A spokesman for Market Basket’s leadership said that not all protesting employees had received letters. Protest leaders say about 700 employees have walked off the job. The spokesman said that those who had been approved to use their vacation time had not been sent a letter.

Ron Seeber, a professor of labor relations at Cornell University, said he was surprised the company’s leadership had not delivered such an explicit ultimatum sooner. The letter to employees was “an ominous development,” he said, but probably an ineffective one.

Two attorneys said the firing of nonmanagerial employees could be illegal. Ellen Messing, a labor and employment attorney who represents workers, said that even nonunionized employees have a right under the National Labor Relations Act to take collective action to support “their terms and conditions of employment.”

Jerome Weinstein, a partner at Hirsch Roberts Weinstein who represents management in labor and employment cases, also said Market Basket seemed to be risking legal action.
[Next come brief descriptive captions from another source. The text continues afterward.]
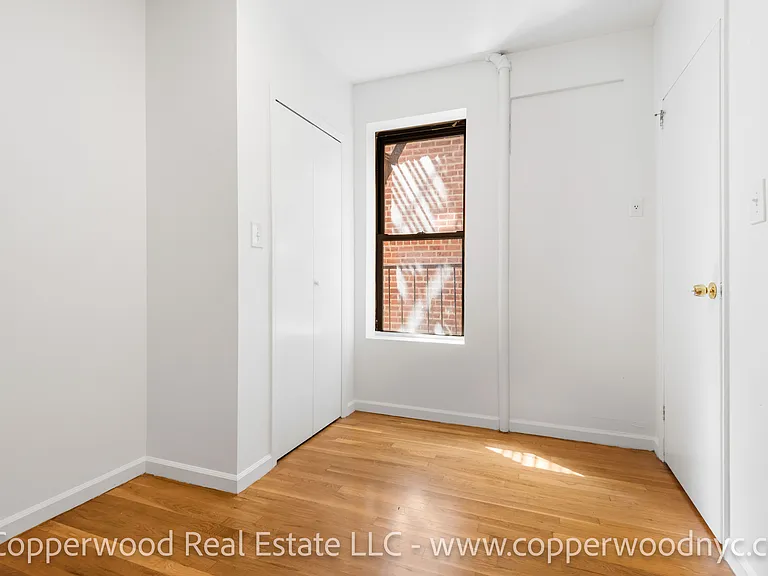 444 E 81st St #11 — Photo 6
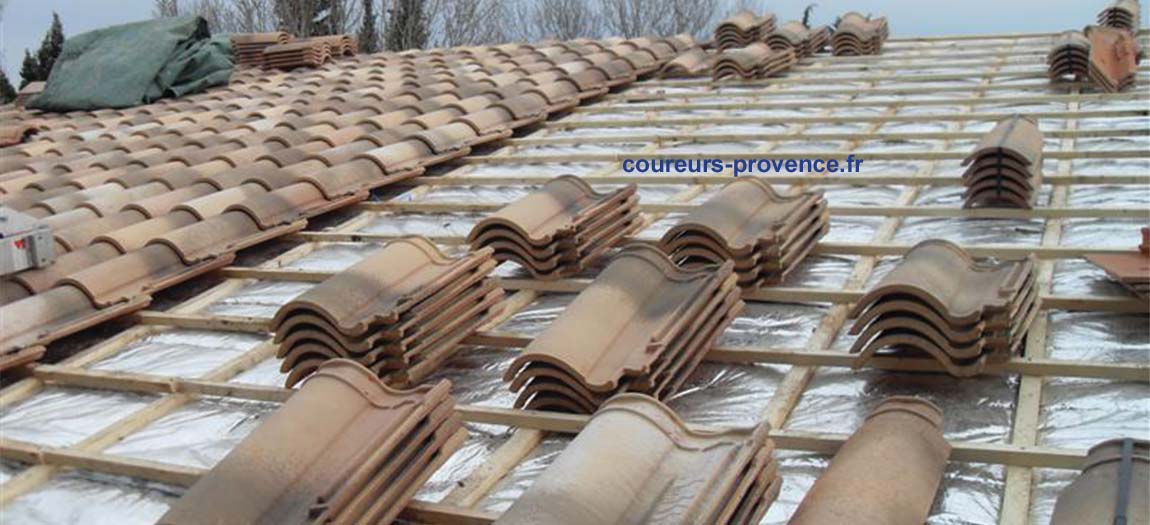 Rénovation de toiture avec pose d'isolant mince réflecteur avant toiture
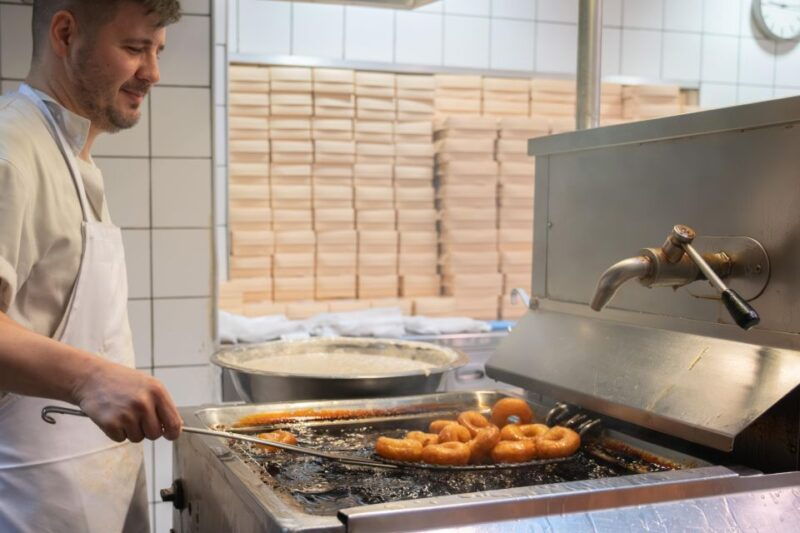 eat-your-way-through-athens-a-local-food-walk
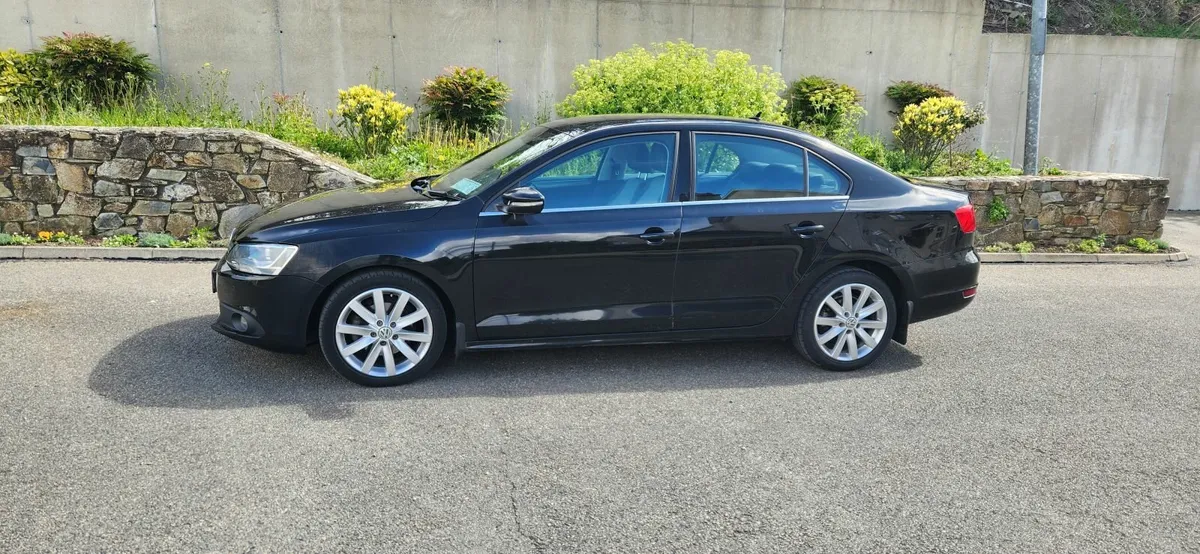 Automatic Volkswagen Jetta 2013 - Image 1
Weinstein said he felt the letter’s allegation that protesting employees had effectively abandoned their jobs was “a stretch under the law.” However, he added that the leadership of Arthur T. Demoulas may not be considered a “condition of employment” that employees could legally protest.

“There may be an issue of whether they’re really withholding services in a way that’s recognized under the law,” Weinstein said.

A spokesperson for the National Labor Relations Board said the board had not received any complaints from Market Basket employees or managers and was not investigating.

A spokesperson for Market Basket’s management declined to comment on the legality of the firing.

Meanwhile, a few of the thousands of part-time employees who had their hours cut this week applied for unemployment benefits, according to officials in Massachusetts and New Hampshire.